By Sean Bassinger
Expanded job growth, a multi-million dollar airport remodeling project and additional commercial retail developments are among the year’s top accomplishments cited by Tri-City port officals.
Port officials say they hope to continue to draw more businesses and increase tourism as they move into 2017.
Here’s a roundup of their economic development highlights in 2016.
Port of Benton
The Port of Benton recently received a large federal land transfer. Of the 1,341 acres received for the city of Richland, about 760 will go to the Port of Benton, said Diahann Howard, director of economic development for the Port of Benton.
The port receives about $2.3 million in taxes each year, which is used for critical community projects, she said.
This year, the port has invested more into the Richland and Prosser airports. The Richland airport will see about $4 million in improvements for 2017.
“They’re going to be doing existing maintenance on the existing runway,” she said.
The Port of Benton also will update the master plan for Prosser’s airport in the next couple of years, Howard said.

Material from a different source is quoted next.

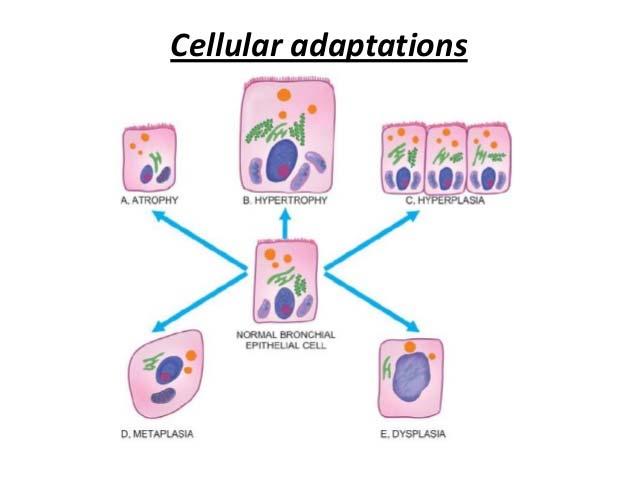Cellular adaptive changes Atrophy - reduction in cell size Involution/ Hypoplasi -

The port-managed Crow Butte State Park, located off Highway 14 west of Paterson on the Columbia River, will see several expansions in the next year. This year, the port invested $250,000 in playground equipment.
Port officials plan $850,000 in improvements at the docks and marina at the island park, Howard said.
“We’ve seen a lot of use and a lot of success there,” she said.
Port of Pasco
The Tri-Cities Airport is looking to wrap up part of a 2 1/2-year, $41.9 million airport expansion.
“Being able to bring this new airport into the community is really exciting,” said Gary Ballew, director of economic development and marketing for the Port of Pasco.
Airport and Port of Pasco officials say the expansion was needed to accommodate an increase of passengers in the past two years. In 2015 about 250,000 passengers came through the airport.
The expansion includes the addition of new concourses, remodeled ticketing counters and relocation of Transportation Security Administration, or TSA, screening areas.
Another area that saw continued success in 2016 was growth at the Foster Wells Business Center off Highway 395, Ballew said. Sixty-three acres were divided into 12 building sites suited for manufacturing, packaging, distribution and goods and services providers. The area is located in the northwest corner of the Pasco Processing Center.
The Port of Pasco also wants to increase opportunities for recreational activities such as wine tasting.
“The ability to bring business people in creates new investments in the community and creates new jobs,” Ballew said.
Working side-by-side with the city of Pasco, Franklin County and several other partners, the port will continue work on the Greater Pasco Area Economic Strategic Vision, a long-term plan addressing the next 20 years of community growth.
This will involve the Port of Pasco and the city assessing their present economy while working with Tri-City regional officials. Port and city officials also will look at external markets throughout the Northwest and U.S., Ballew said.
“There’s always a lot of work that goes into each one of those successes,” Ballew said. “It’s more of a factor versus time.”
Other future goals include searching for ways to involve more community members who may not be able to attend all public meetings and enhance bilingual communications since 55 precent of the city’s population is Latino.
“That’s really the future of our community,” Ballew said.
Port of Kennewick
Port of Kennewick officials continue to work on a new wine gardens project following a groundbreaking that took place in 2016. (See story on front page)
Phase one of the project totaled about $1.2 million from the port, with the city of Kennewick investing another $3.4 million in the first three or four buildings in the area, said Skip Novakovich, president, Port of Kennewick Board of Commissioners.
Columbia Basin College’s future 20,000-square-foot culinary school, which will sit along the waterfront of the Columbia River, will be another point of pride for the Port of Kennewick and city when it gets built, Novokavich said.
The $10 million facility will have three kitchens, event space and a student-run restaurant. Officials are now trying to figure out how to finance the joint project.
Spaulding Business Park welcomed more tenants as well. The Port of Kennewick recently sold land to Northwest Orthopaedic and Sports Medicine for a 36,000-square-foot medical facility with 16 orthopaedic suites set to open next year.
The business center, located between Highway 240 and Columbia Center Boulevard, is nearly complete, Novokavich said.
Also in the center is a new 6,000-square-foot Support, Advocacy and Resource Center, or SARC, facility that employs about 10 new staff members with salaries of about $50,000 a year.
The 30-acre Spaulding Park was a $37 million investment in the private sector, with more than 200,000 square feet of buildings. They’ve provided more than 425 professional jobs to date, Novokavich said.
There’s one space left to sell in the Spaulding Park development, which has taken time to reach its potential, Novokavich added. Meanwhile, he believes the new Vista Field development is going to be greatest success story the port has ever seen.
“It’ll be huge,” he said. “But again, it’s going to take time.”